The significance of telecommunications licensing was underscored recently as mobile telecommunications operators moved to block the issuance of licences covering multiple technologies. The Cellular Operators Association of India (COAI), a lobby group representing GSM operators, has challenged a decision by the Telecom Dispute Settlement and Appellate Tribunal to allow “dual technology” whereby telecommunications companies would be permitted to offer both GSM and CDMA services under a single licence. COAI claims that the move is illegal. What’s more, the association believes the decision reflects favouritism towards certain operators. The government, however, has made it clear to the tribunal that the decision to allow dual technology is a matter of policy taken in the larger public interest and that GSM operators have no right to challenge it.

Derivatives

India’s capital markets regulator, the Securities and Exchange Board of India (SEBI), has approved several new derivative products that will provide a wide range of risk-mitigation options and encourage overseas investors to enter the domestic market. The move follows SEBI’s recent decision to curb the use of participatory notes, or P-notes. It is hoped that the new products will provide attractive alternatives to P-notes and create more activity in the onshore market. The new derivatives relate to mini-contracts on equity indices, options with longer life, volatility index and futures and options (F&O) contracts, options on futures, bond indices and F&O contracts, foreign exchange F&Os and exchange-traded products.

Insurance

Proposed amendments to the Insurance Act, 1938, which are pending before parliament, will open the door to international reinsurers to set up operations in India. Once the amendments are approved, international reinsurers will have legal and regulatory clearance to transact business in the country subject to meeting a minimum capitalization requirement of Rs50 billion (about US$1.26 billion).

Aviation

A set of proposals by the Planning Commission of India to lift the embargo on foreign carriers investing in domestic airlines have been dealt a major blow by the Department of Industrial Policy & Promotion (DIPP). In a note recently submitted by the DIPP to the Cabinet Committee on Economic Affairs, the ban on investment by foreign airlines was strongly emphasized. The note was written in consultation with the Civil Aviation Ministry which also opposes investment by foreign airlines in the domestic aviation sector. While 49% foreign direct investment is permitted in domestic airlines, foreign airlines are prohibited from investing in the sector. Non-resident Indians are allowed to hold up to 100% equity in a domestic airline on the condition that there is no direct or indirect participation by a foreign airline.

Taxation

The recent decision by the state government of Uttar Pradesh to implement a value-added tax (VAT) has brought a nationwide goods and services tax (GST) closer to reality. Uttar Pradesh is the last state to adopt VAT, holding out until now on the grounds that it would cause inconvenience to traders and lead to a loss of revenue. The introduction of GST is intended to harmonize state tax regimes across the country.

Technology

The US is set to make it easier for selected companies in India and China to import sensitive technology. Under the “Validated End User” scheme, pre-screened companies with strong export compliance programmes and a track record of using US technology responsibly will be able to import certain US technologies without applying for individual licences. The move will reduce the administrative and regulatory burden associated with the import of sensitive technologies and is likely to boost US exports to India in the fields of electronics, avionics, aerospace, and life sciences.

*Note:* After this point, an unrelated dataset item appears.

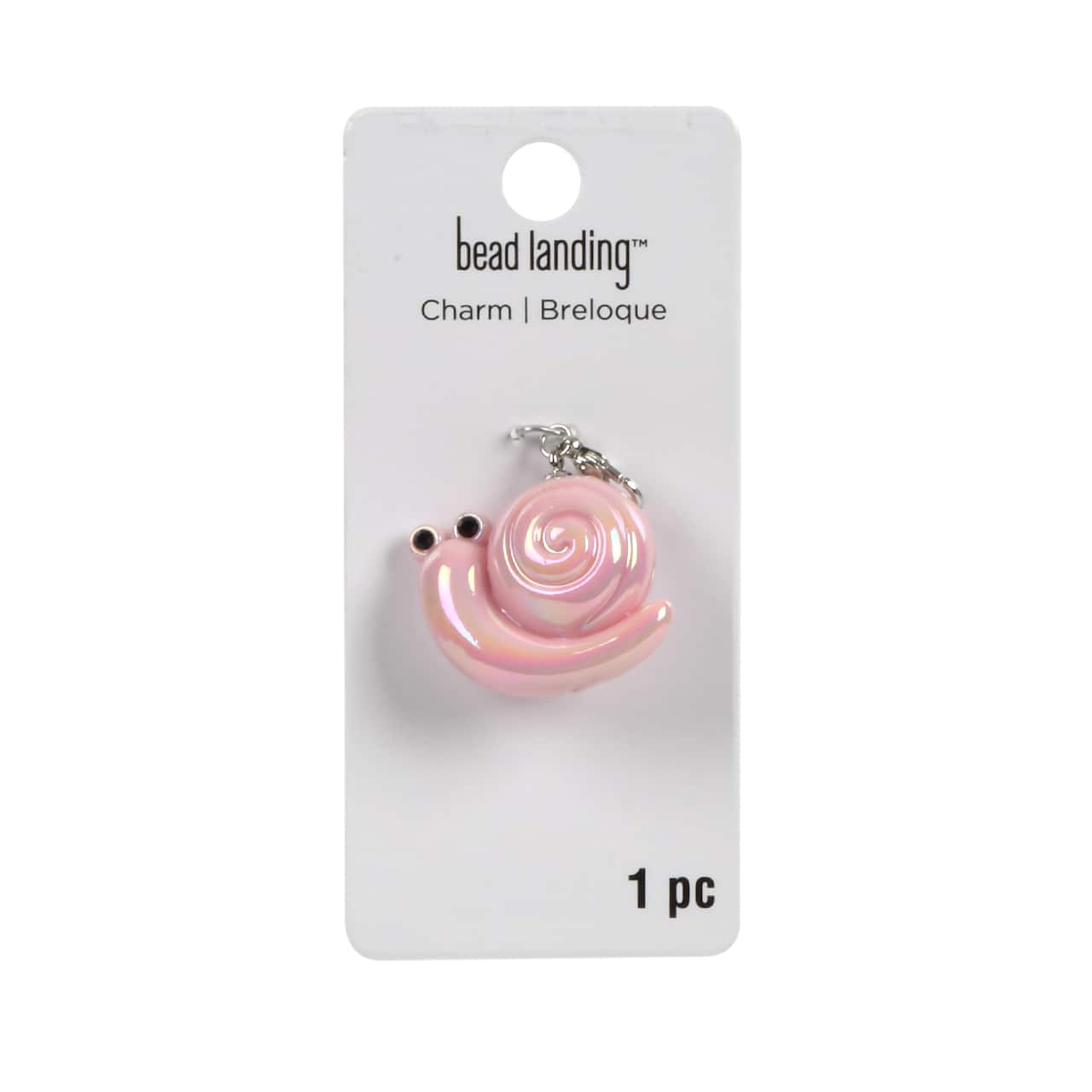 3D Pastel Snail Charm by Bead Landing™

The Indian government has decided to set up a National Biotechnology Regulatory Authority to provide a single-window mechanism for the bio-safety clearance of all genetically modified products and processes. The Department of Biotechnology has been entrusted with setting up the authority and funding it. The move follows a two-year consultation process between the government and various stakeholders. The necessary legislation is expected to be ready in three months.

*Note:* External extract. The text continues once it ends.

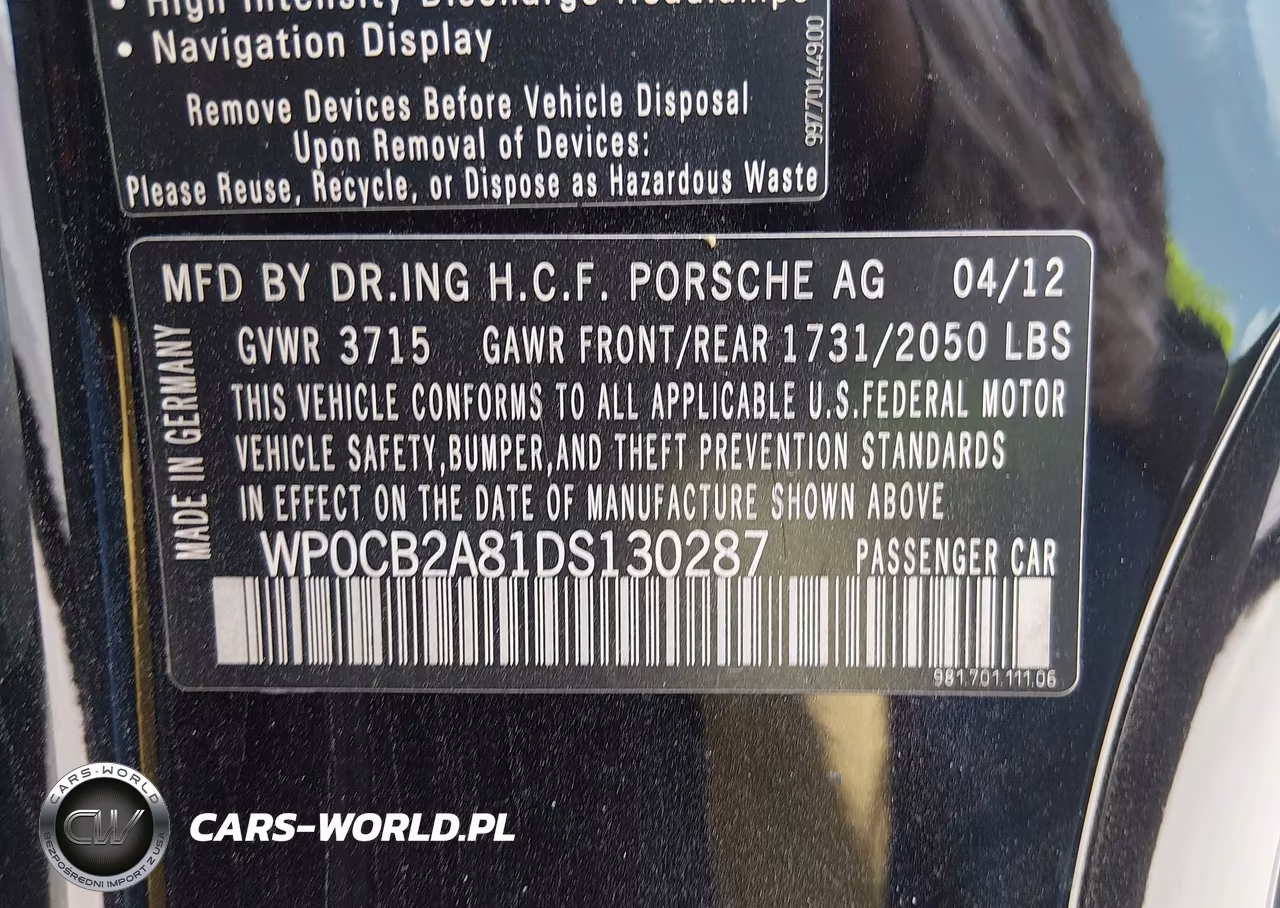 2013 Porsche Boxster S VIN:WP0CB2A81DS130287 - 9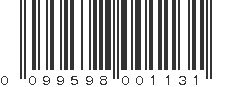 UPC 099598001131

On 13 November the government approved the National Biotechnology Development Strategy. In addition to enabling the full utilization of currently available opportunities in manufacturing and services, the strategy aims to lay a foundation for discovery and innovation in India. By effectively utilizing novel technology platforms, it is hoped that the new strategy will contribute to long-term benefits in agriculture, animal productivity, human health, environmental security and sustainable industrial growth.

The wrap is compiled by Luthra & Luthra Law Offices, which can be reached at luthra@luthra.com. The wrap is designed to provide general information on key legal developments. Readers should not act on the basis of this information without seeking professional advice.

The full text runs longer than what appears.